As a freelance writer, I know a thing or two about building long-term authority through my content. I write for a range of industries on many topics, which gives me a great insider perspective on what makes good, relatable content, and on the habits that help build content authority naturally and consistently over time.
If you’re interested in ways to bulk up your content authority know-how, here are a few things I’ve learned along the way.
Content Authority Basics
As a brand, how do you define content authority, or know you’ve earned it? The number of likes and shares on a blog post or video? Sales leads? More consistent web traffic from a key target market? Positive reviews and comments?
It’s important to clarify what content authority means to the business as a whole.
True content authority acts as its own growth engine. The content itself is useful and answers key questions in a powerful way that gets likes and shares now—and in the years to come. For example, I write a blog on creativity, and posts from two years ago are still being read, shared, and liked right now. The content is essential to my personal brand, and the blog gives traffic I don’t have to work for now, as I already shared the post when it was new.
Building content authority is about thinking long and short term. How can your brand look at a range of topics to answer questions in a way that’s evergreen and informative? What keywords are linked to the brand as cornerstone keywords that will remain consistent and relevant search terms? Are there industry insights content creators can pair with additional insight or knowledge and then share them freely?
Considering these aspects as important parts of content planning and development is what sets a brand up for strong, consistent visibility on search engines, in social media, and through web traffic that builds organically over time.
Ways to Create Content Authority
The path to content authority is about well-written and developed content as much as it’s about planning. Real-time measurement tools make traffic data more prevalent, but it’s important to leverage it sooner during the strategic planning stage of asset development. This saves time and energy spent on content that’s not hitting key demographics and ensures content is more in alignment with what customers want from a brand presence.

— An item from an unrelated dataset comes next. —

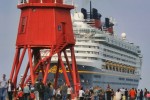 Disney Magic Exterior Picture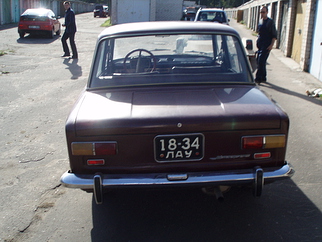 VAZ  , 1973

Here are some specific ways to leverage content into leadership status:
1. Refresh Your Point of View
As a brand, you probably already have a lot of content in play. Instead of jumping in to make more, take a fresh look at your brand with an outsider perspective. Then create niche content based on customer feedback, surveys, comments on social media posts, and other insights. Making more of the same, even if you already have earned some leadership recognition through content, is not as important as seeing things objectively to create fresh cornerstone content anchors.
2. Craft Consistency and Set Manageable Expectations
One of the easiest ways to become and remain an authority through content is to show up consistently. Develop an editorial calendar paired with a posting schedule and stick to it, whether you are sharing blogs, video content, or special offers to brand supporters. Create content that speeds up the buyer’s journey or fills in information gaps, while also making it interesting, informative, and easy to access. Don’t forget to address industry news and developments and play off of them within the content.
3. Teach through Content
There’s a reason YouTube is so popular: viewers know they can learn how to do something easily, quickly, and get both written and visual tutorials. Teaching through content is one of the easiest ways to connect, show off that your brand knows a thing or two, and empower customers. Choose relevant topics related to questions commonly featured in customer service transcripts or in social platforms, and create content-focused teaching tools based on direct questions or interests.

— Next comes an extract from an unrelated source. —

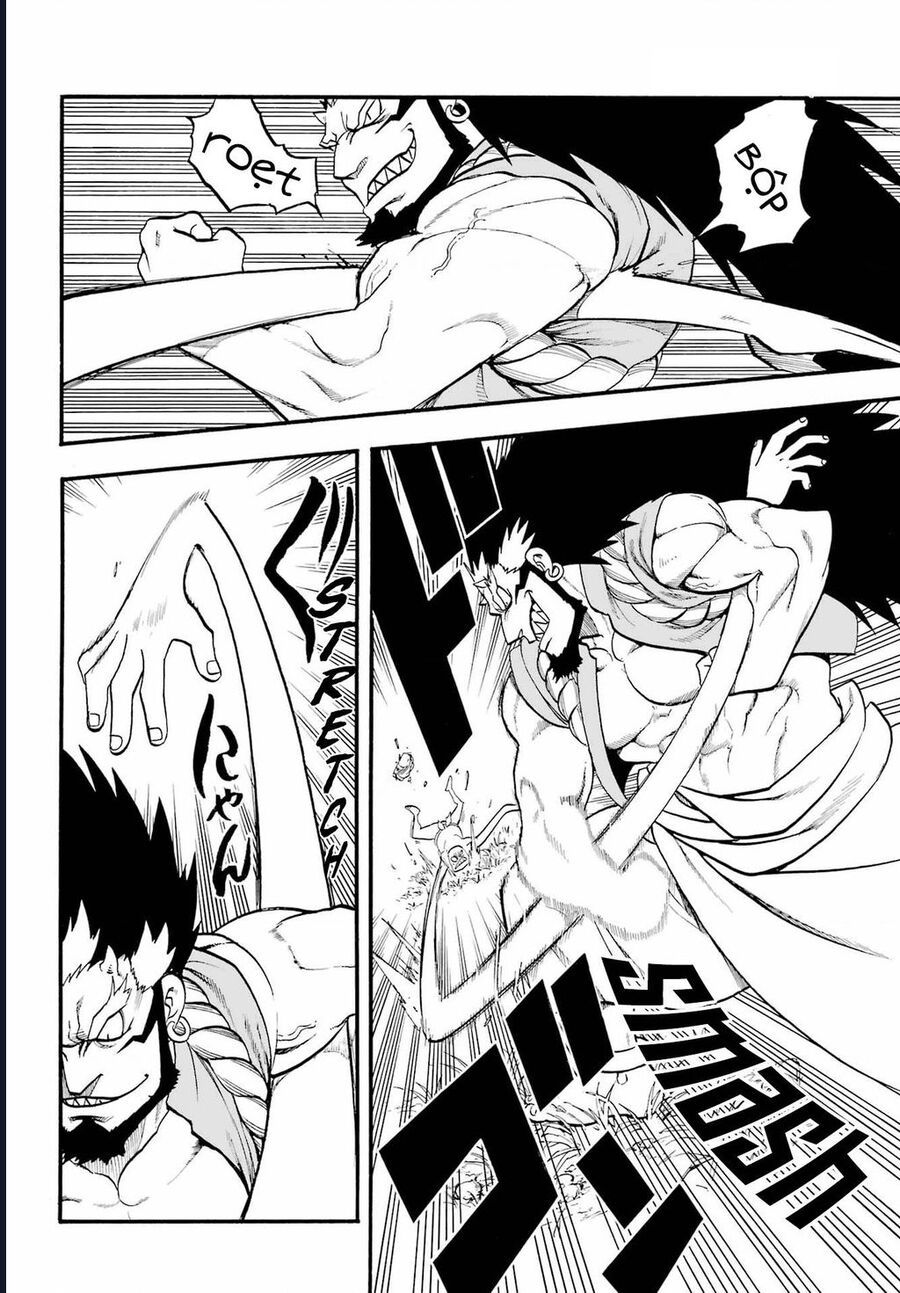 Yomi No Tsugai - Chapter 13 - Page 8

4. Diversify Engagement Opportunities
Mixing up what you share online is part of keeping engagement high. Include references and links to cornerstone content in fresh new pieces. Consider collaborating with industry influencers who have complimentary insights that can build on content you’ve already shared. Or, create a new collaborative content series with an influencer to serve as future cornerstone content.
5. Pinpoint and Review Authority Outlets
Building authority in the right places—and understanding why they’re good outlets to begin with—is key to crafting leadership through content.
Which social platforms are part of consistent outreach? Does the brand take time to engage with people on social media? What third-party outlets are credible spots for industry experts to gather or share information? Try LinkedIn or Medium to start.
6. Revisit Keywords Consistently
The beauty of marketing-based data is the that it allows a brand to learn more about what search words get customers to their web pages and which ones create the most traction towards a sale. It helps to mix up the standard keywords with seasonal, quarterly, or new industry terms.
Having clear data insights also offers up keywords that can be used to craft new informational, long-tail keyword phrases based on actual customer search terms.
Don’t be afraid to play with words and see what works. It’s easy enough to try out in a new blog post and see if it lands—before putting together a full-blown campaign around a specific keyword.
7. Create a Community and Contribute
A video is an easy way to jump in on a content trend and build authority online. Developing a web series that invites user feedback or hosting a webinar that features in-house employees sharing useful knowledge encourages audience participation and helps build community and authority through content. The social platforms tied to video content help with likes and shares and get it in front of people who didn’t even know they were interested in a specific topic. Mix it up with pre-recorded and streaming videos, and consider sharing the content in other formats like podcasts or PDFs.
With all of these content options to play with, it’s important to keep one thing in mind: always focus on how a piece of content can translate brand authority into action. It could be on a one-to-one level with potential or returning customers or by linking with other powerful brands that are complementary to yours
The overall goal is to take what you’re already knowledgeable about as a brand and use it to create a give-and-take that feels trustworthy and balanced. There’s nothing more powerful than delivering insights that empower customers, creating a memorable way for your brand to be seen as a reliable, quality resource and industry leader. It’s worked for me as a freelancer, and it can work for your brand, too!